Gómez-Reino procede de familia de rancio abolengo, pero también anduvo avispado para poner en su ficha personal del Congreso de los Diputados que él, como la xente do común, también fue trabajador precario (no indica cuanto tiempo), un probo mozo de almacén y repartidor de publicidad. Experiencias que en definitiva le dieron pedigrí porque estamos ante uno de esos políticos que aseguran que se entregan para cambiar la vida de la gente.
En realidad la política cambió la suya. Y el as en la manga de la Carrera de San Jerónimo le hizo olvidar rápidamente lo que se cuece tras el telón de grelos. «Quiero centrar todos mis esfuerzos en cambiar y tratar de gobernar este país (Galicia)», explicó durante aquella campaña electoral del verano pasado, un tiempo que ahora parece tan lejano. «Eu asumo os resultados en primeira persoa», explicó en la noche electoral. Y volvió a Madrid unas semanas después de reprochar a Feijóo que utilizaba Galicia como trampolín para llegar a la capital.
El foro madrileño es un buen escenario para un tipo cosmopolita que en los últimos meses ejerció de observador en las elecciones en Ecuador, encabezó reivindicaciones sobre el Sahara que contravienen la línea del Gobierno que integra su propio partido, trató de meter baza en el conflicto entre Armenia y Azerbaiyán y se alineó con el independentismo para no condenar la represión en Bielorrusia.
Tampoco era el primer flirteo de Gómez-Reino con cierto mundillo. En su día fue uno de los firmantes de un comunicado de apoyo a De Juana Chaos en el que se pedía la excarcelación del preso etarra, condenado por la Justicia a 3.000 años de prisión por cometer 25 asesinatos. Para Gómez-Reino, o al menos para su firma, se trata de «un preso político».
La política exterior ocupa ahora buena parte de los desvelos del parlamentario de Podemos, que juega a estadista.
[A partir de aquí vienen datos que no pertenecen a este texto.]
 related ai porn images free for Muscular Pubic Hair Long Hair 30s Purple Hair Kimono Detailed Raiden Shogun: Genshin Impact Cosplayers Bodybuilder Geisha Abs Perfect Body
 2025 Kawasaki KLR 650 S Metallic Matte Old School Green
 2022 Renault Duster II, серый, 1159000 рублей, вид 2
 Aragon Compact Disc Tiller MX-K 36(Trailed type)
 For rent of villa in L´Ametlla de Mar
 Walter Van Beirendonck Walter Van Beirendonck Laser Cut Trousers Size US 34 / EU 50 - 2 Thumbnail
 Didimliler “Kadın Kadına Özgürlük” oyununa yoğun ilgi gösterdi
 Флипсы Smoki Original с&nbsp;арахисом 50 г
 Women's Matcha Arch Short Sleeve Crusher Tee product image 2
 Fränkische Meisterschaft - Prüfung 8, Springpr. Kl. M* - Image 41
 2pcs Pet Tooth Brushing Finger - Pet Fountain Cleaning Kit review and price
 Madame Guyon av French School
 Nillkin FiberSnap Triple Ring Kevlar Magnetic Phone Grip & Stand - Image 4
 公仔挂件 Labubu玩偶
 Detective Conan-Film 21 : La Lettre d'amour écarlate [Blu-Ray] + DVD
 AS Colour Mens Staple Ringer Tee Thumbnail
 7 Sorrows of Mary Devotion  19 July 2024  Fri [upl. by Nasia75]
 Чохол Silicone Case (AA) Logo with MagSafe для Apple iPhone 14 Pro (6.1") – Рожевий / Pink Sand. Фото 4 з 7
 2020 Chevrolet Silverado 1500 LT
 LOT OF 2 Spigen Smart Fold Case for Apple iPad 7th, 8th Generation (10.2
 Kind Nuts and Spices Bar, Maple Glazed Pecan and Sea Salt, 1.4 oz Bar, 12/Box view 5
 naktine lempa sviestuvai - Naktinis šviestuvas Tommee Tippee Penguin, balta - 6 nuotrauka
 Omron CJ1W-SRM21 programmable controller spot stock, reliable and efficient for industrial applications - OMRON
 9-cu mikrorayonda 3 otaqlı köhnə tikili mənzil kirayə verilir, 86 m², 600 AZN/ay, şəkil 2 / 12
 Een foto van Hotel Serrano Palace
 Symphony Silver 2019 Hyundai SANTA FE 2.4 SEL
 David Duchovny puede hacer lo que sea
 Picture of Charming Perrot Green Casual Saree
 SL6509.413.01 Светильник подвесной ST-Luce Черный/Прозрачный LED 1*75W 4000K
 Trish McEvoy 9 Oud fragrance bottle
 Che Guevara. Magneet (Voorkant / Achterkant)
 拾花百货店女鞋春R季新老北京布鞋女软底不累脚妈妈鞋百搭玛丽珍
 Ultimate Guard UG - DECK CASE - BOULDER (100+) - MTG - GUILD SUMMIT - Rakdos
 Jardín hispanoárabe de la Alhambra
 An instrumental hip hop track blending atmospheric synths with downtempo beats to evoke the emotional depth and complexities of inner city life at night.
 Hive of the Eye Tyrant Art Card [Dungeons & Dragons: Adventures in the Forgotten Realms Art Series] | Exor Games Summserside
El giro es radical para un tipo que hace un año se preparaba para hacer política pola banda de Laiño e pola banda de Lestrove, pero es que Gómez-Reino (Tone, para los iniciados) es vicepresidente de la Comisión de Asuntos Exteriores en el Congreso de los Diputados. Así que allá que se fue para el Perú a asistir a la toma de posesión de Pedro Castillo como presidente y anunciar a través de un vídeo reporteril la llegada de «un nuevo tiempo de redistribución de la riqueza».
Gómez-Reino estuvo en el gran día de Castillo, que en su puesta de largo aprovechó la presencia del Rey de España para afear la presencia de la Corona de Castilla en aquellas tierras y anunciar que, al contrario que sus predecesores, no vivirá en el palacio gubernamental que mandó construir Pizarro. Gómez-Reino presenció eufórico el episodio. «Le damos nuestro cariño y soporte a las compañeras y compañeros que van a construir un nuevo Perú», explicó antes de dar a su apoyo a las «transformaciones» en América Latina, a la que calificó como «patria grande» apenas cinco días después de promover la celebración del Día da Matria Galega.